# kaggle_plasticc

This Jupyter Notebook explores the Kaggle PLAsTiCC dataset and competition. The competition and dataset can be found at https://www.kaggle.com/c/PLAsTiCC-2018 

This notebook can be found at  https://github.com/cwinsor/kaggle_plasticc

PLAsTiCC is the Kaggle competition for LSST (Large Synoptic Survey Telescope).  The telescope, under construction at a remote mountaintop in Peru, will capture alltogether new data from the night skies, and analyze that data using alltogether new techniques.

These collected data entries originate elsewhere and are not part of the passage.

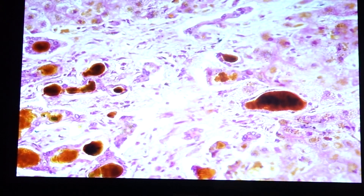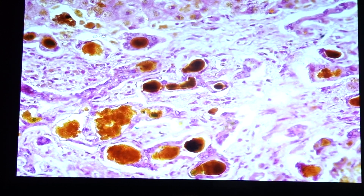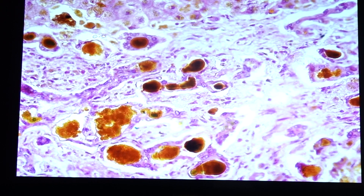Moving to the portal areas, we can see bile ductules that are filled with bile — we call these bile lakes, and the condition is called cholestasis. When we see a lot of bile lakes, we call it cholestasis.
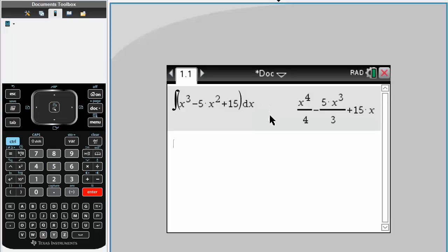And this is our general antiderivative of f of x. When you write your answer down, don't forget to write plus c to make the answer general. And that's all you need to do.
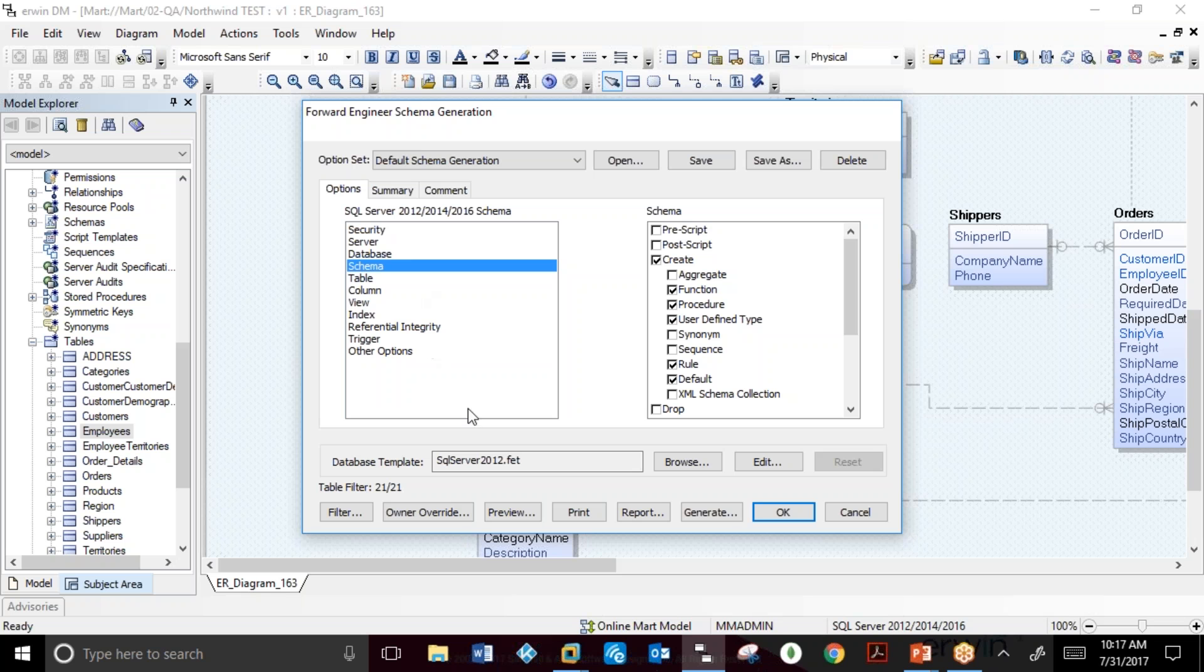It's important to note that the option sets that are built based on the Forward Engineering template can be edited.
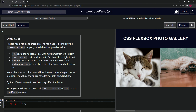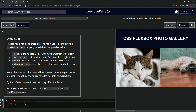We're doing freeCodeCamp Responsive Web Design: Learn CSS Flexbox by Building a Photo Gallery, step 15. Flexbox has a main and cross axis. The main axis is defined by the flex-direction property, which has four possible values: row (the default), a horizontal axis with flex items from left to right; row-reverse, horizontal from right to left; column, a vertical axis from top to bottom; and column-reverse, vertical from bottom to top.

LSST performs **"time domain astronomy"** which means it is looking for short-term events called "transients". There are dozens of known classes of transients - single-occurrence events like novae and micro-lensing, periodic events like eclipsing binaries. Micro-lensing is the way astronomers discover planets orbiting stars in other galaxies - like earth in another galaxy!

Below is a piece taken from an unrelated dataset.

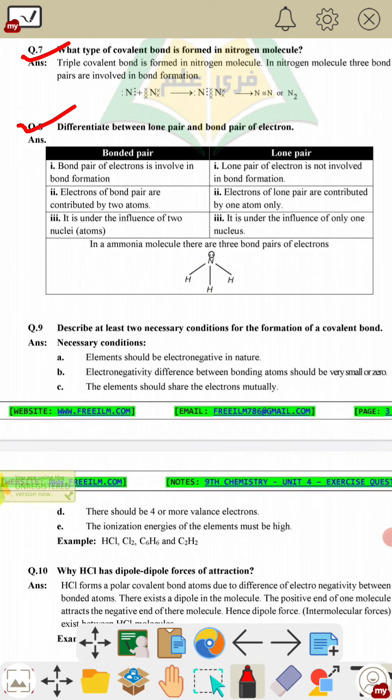Question 9: describe at least two necessary conditions for the formation of a covalent bond. First, elements should be electronegative in nature. Second, the electronegativity difference between bonding atoms should be very small or zero. Additionally, elements should mutually share electrons.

LSST is vast in its ability to observe. LSST will capture the entire southern hemisphere every 4 nights searching for transients. **LSST researchers expect there are about 1M transient events every night.**

Finding those events in the vast quantities of data requires new technique in classification.  LSST will is exploring new boundaries in automated classification, and that is the goal of PLAsTiCC.  **The goal for LSST is to flag a one-time event (start of a Novae) within 60 minutes of observation** and notify other astronomers so they start closer observation. And that's the reason for PLAsTiCC - to establish tools for classification that can handle data on this scale.  

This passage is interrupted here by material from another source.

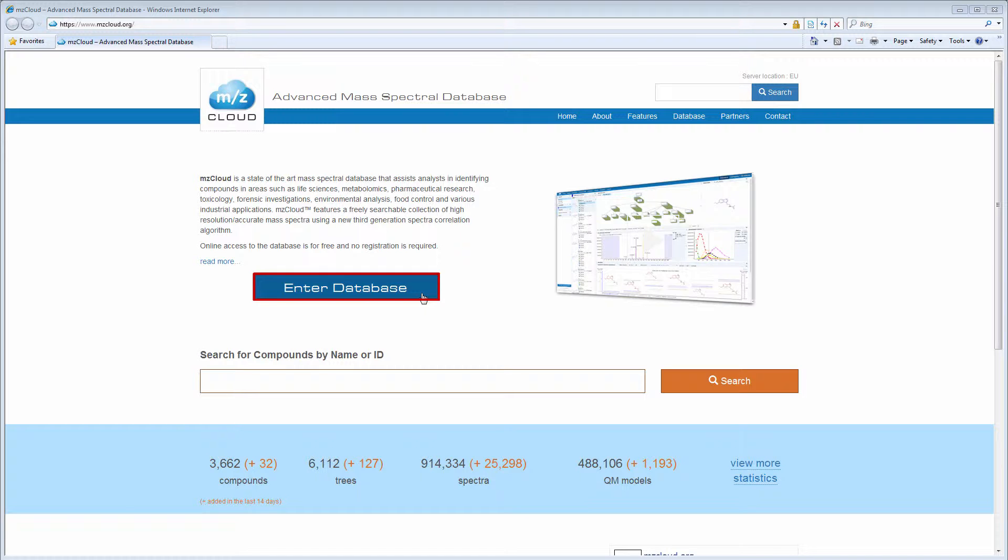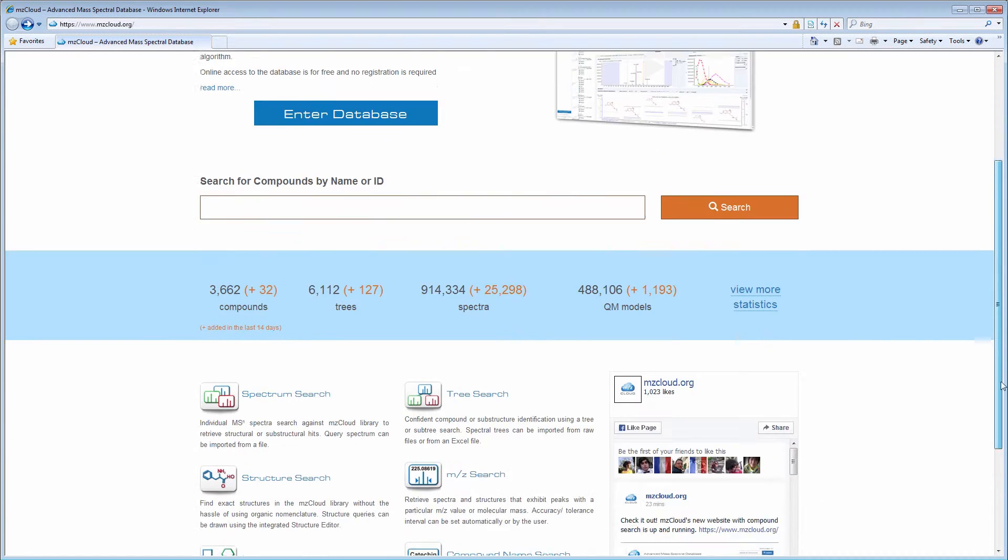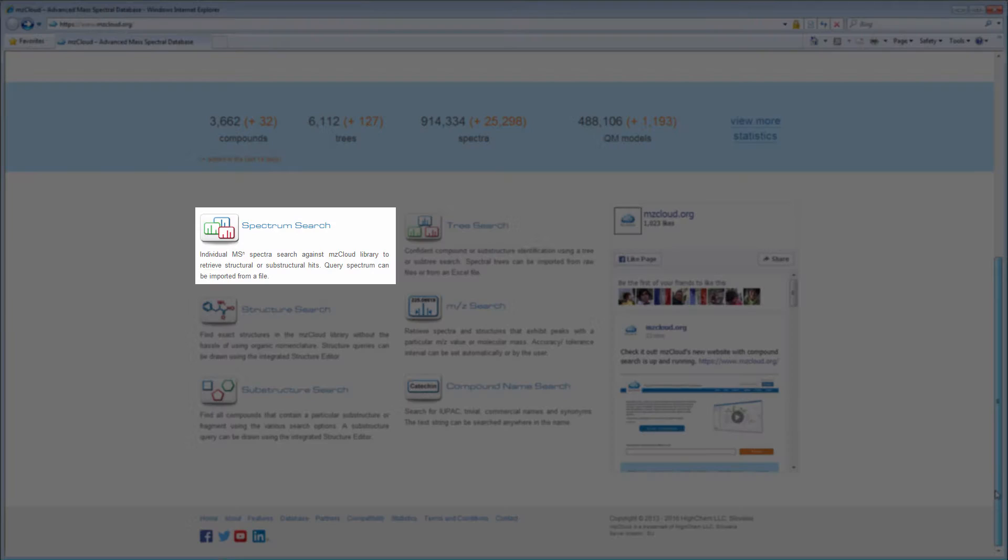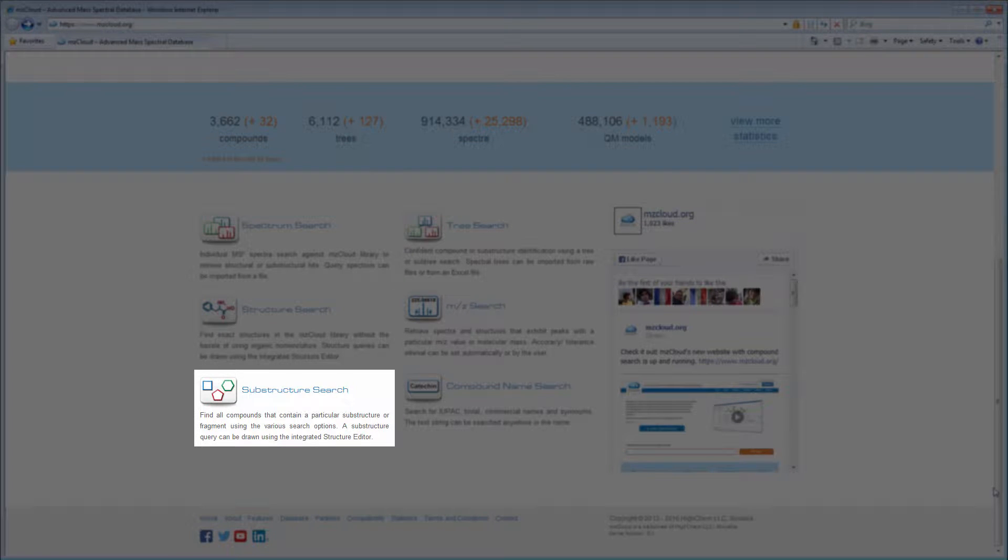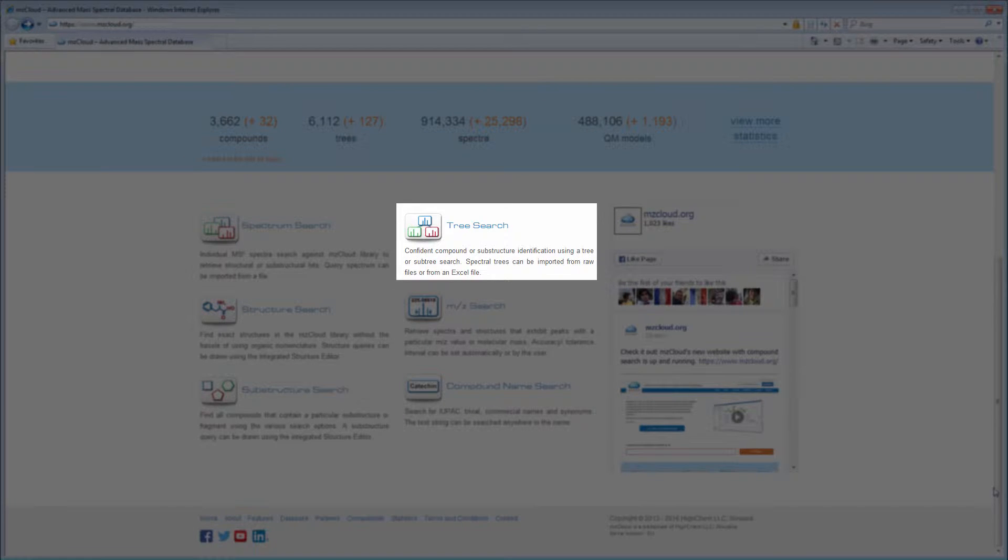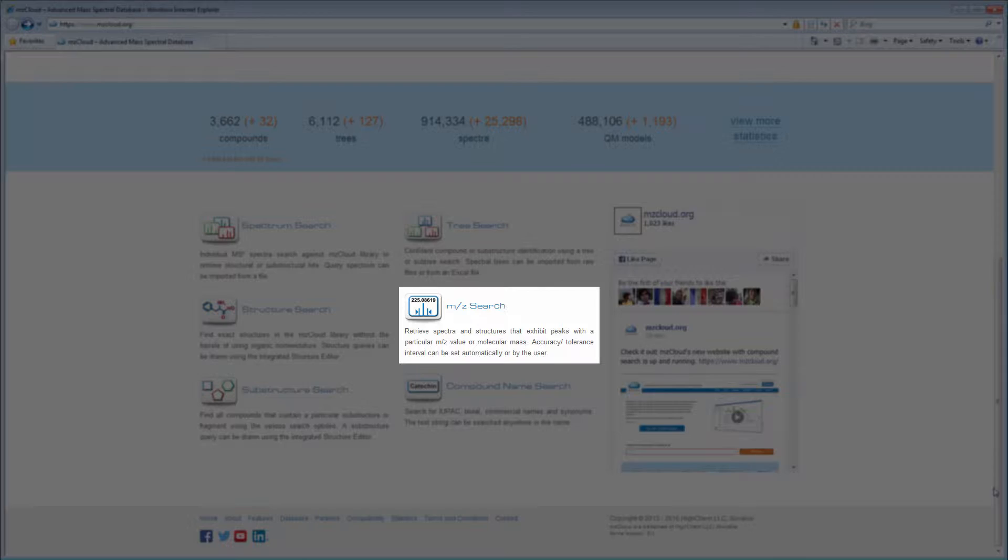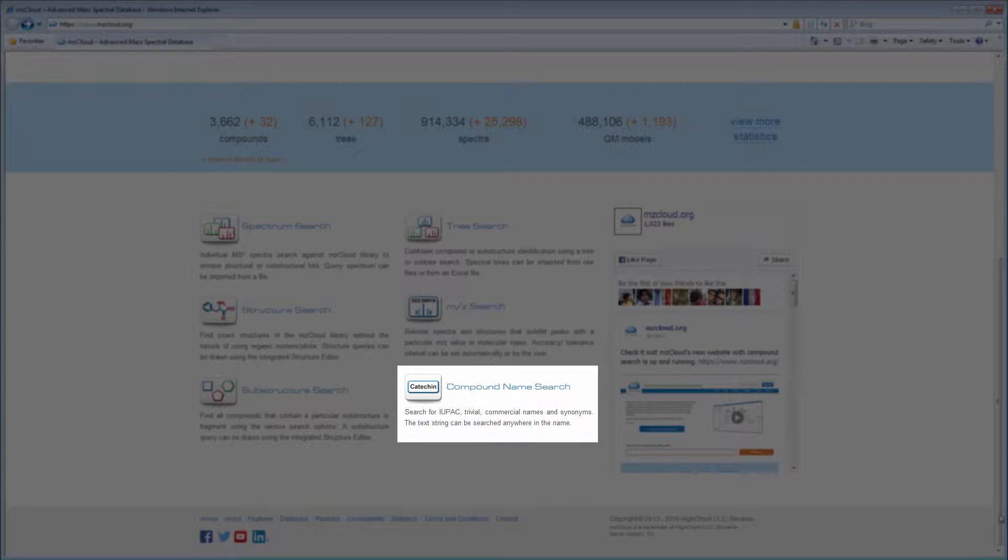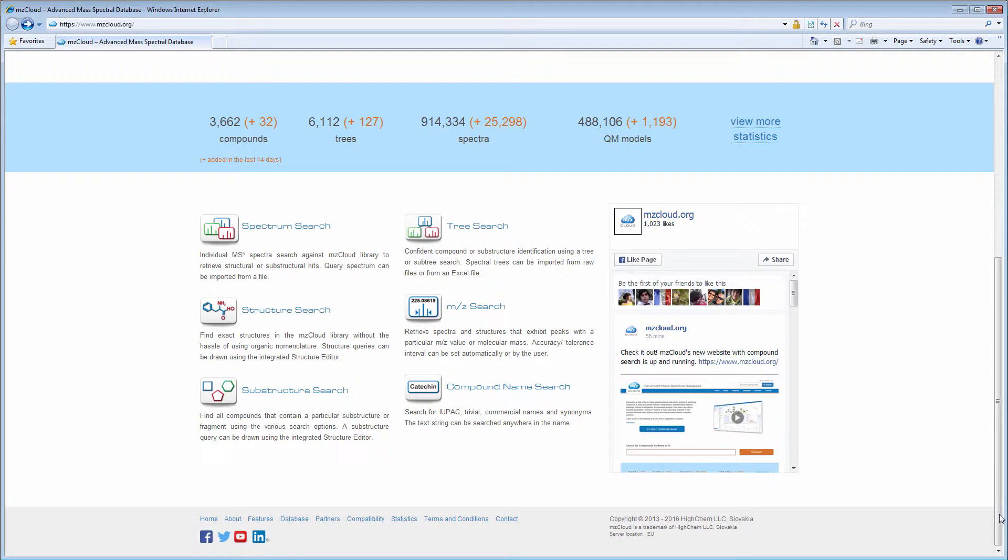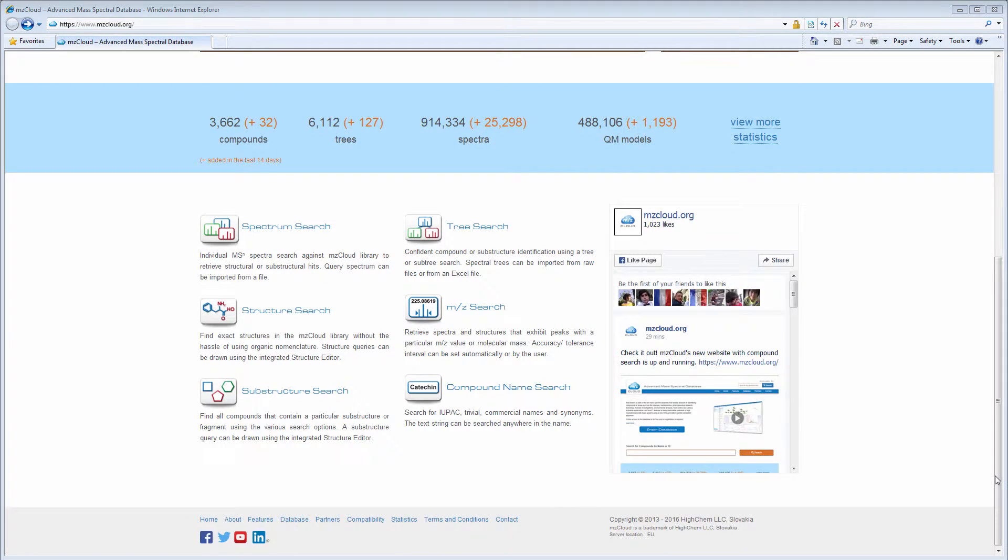To enter the database, you can click the Enter Database button, or you can select specific searches like Spectrum Search, Structure Search, Substructure Search, Tree Search, Peak or Precursor Search, or Name Search. We will cover some of the searches later in this video.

That is Pretty Cool Stuff!


# The Plan
The steps in my investigation of PLAsTiCC are:

1. Review the "starter Kit" https://www.kaggle.com/michaelapers/the-plasticc-astronomy-starter-kit
2. Review example from the host https://www.kaggle.com/michaelapers/the-plasticc-astronomy-classification-demo *(note I moved my notes from this to the bottom - it is not consistent with the leaderboard techniques)*
3. ***Review leaderboard kernels (from Discusison Board)***
4. Review the "Info For the Challenge" from hosts - describing the Performance Metric


# The example from host
The example starts by using the Cesium library to "featurize" the timeseries data

So we take a quick dive into Cesium - a library to "featurize" time-series data
good example !
http://cesium-ml.org/docs/auto_examples/plot_EEG_Example.html#sphx-glr-auto-examples-plot-eeg-example-py 

The example also references/uses a library to establish period of a repeating signal that is sampled infrequently
<interesting stuff, and very useful>
<need to revisit this>
    
The example then reduces the number of features and evaluates using correlation, PCA, Confusion Matrix
<more work needed here>

## Reviewing Leaderboard Models (posted on Discussion Board)...
https://www.kaggle.com/c/PLAsTiCC-2018/discussion

## "20th Place Solution" (Giba)
https://www.kaggle.com/c/PLAsTiCC-2018/discussion/75262#latest-527064
* Summary:
 * Stack ensemble and a blend of 4x LGB and 2x SVC models trained using different subsets of features.
* Features:
  * tried > 1000, pruned down to 250
  * aggregations and statistics, feets lib, coefficients of linear...
* Models:
  * for each - augmented train set w/ noise (?)
  * Model 1 - multi-class LGB
  * Model 2 - multi-class LGB
  * Model 3 - multi-class LGB
  * Model 4 - multi-*label* LGB
  * Model 5 - multi-*label* SVC
  * Model 6 - multi-class LGB
  * Model 7 - multi-*label* LGB
  * Stack Ensemble 1
  * Stack Ensemble 2
  * Stack Ensemble 3
  * Blend Stack Ensemble 1,2,3
  * Class 99 - used "Scirpus" equation 
* What Didn't work:
  * ...
  
  

# "9th place solution" (Albert Garreta)
* https://www.kaggle.com/c/PLAsTiCC-2018/discussion/75316#latest-495584
* In Summary:
  * careful feature engineering and ensembling
  * stacking predictions of lgb, catboost, and nn, then a weighted average with previous best submission
* First-level Models
  * a single lgb (teammates pursued other)
* Features
  * 8000 features
  * prune to (80 + 130) using LGB
    * @manugangler's kernel fitting light curves to microlensing events
    * distmod/log10(hostgal_photoz)
    * log_10( luminosity_mean )
    * used different sets of time observations (all, detected, undetected)
    
   

# "2nd-Place Solution Notes" (Silogram)
* https://www.kaggle.com/c/PLAsTiCC-2018/discussion/75059#latest-462457
* In Summary
  * Neual net (details in discussion)
  * meta-model as GBDT model(depth = 2)
* Notes:
  * The Gap: they did not have "LV vs CV" (?) problem
  * Class 99 - left to the end
  * Final ensemble shallow - depth=2
* Feature Engineering:
   * "Detected" flag
   * "hostgalspez"
   * flux adjustment
   * MJD adjustment
* Augmentation - tried a variety - helped NN but not LGB

# What is "LGB" ?
* "Linear Gradient Boosting"
* https://en.wikipedia.org/wiki/Gradient_boosting
* In summary
  * LGB starts with a weak model.
  * It then considers that a better model would happen by linearly adding a "correction".
  * Simple algebra - the "correction" is the difference between the true class values, and the predicted class values
  * So - train a new model to predict the "correction"
  * that's the general idea - see Wikipedia!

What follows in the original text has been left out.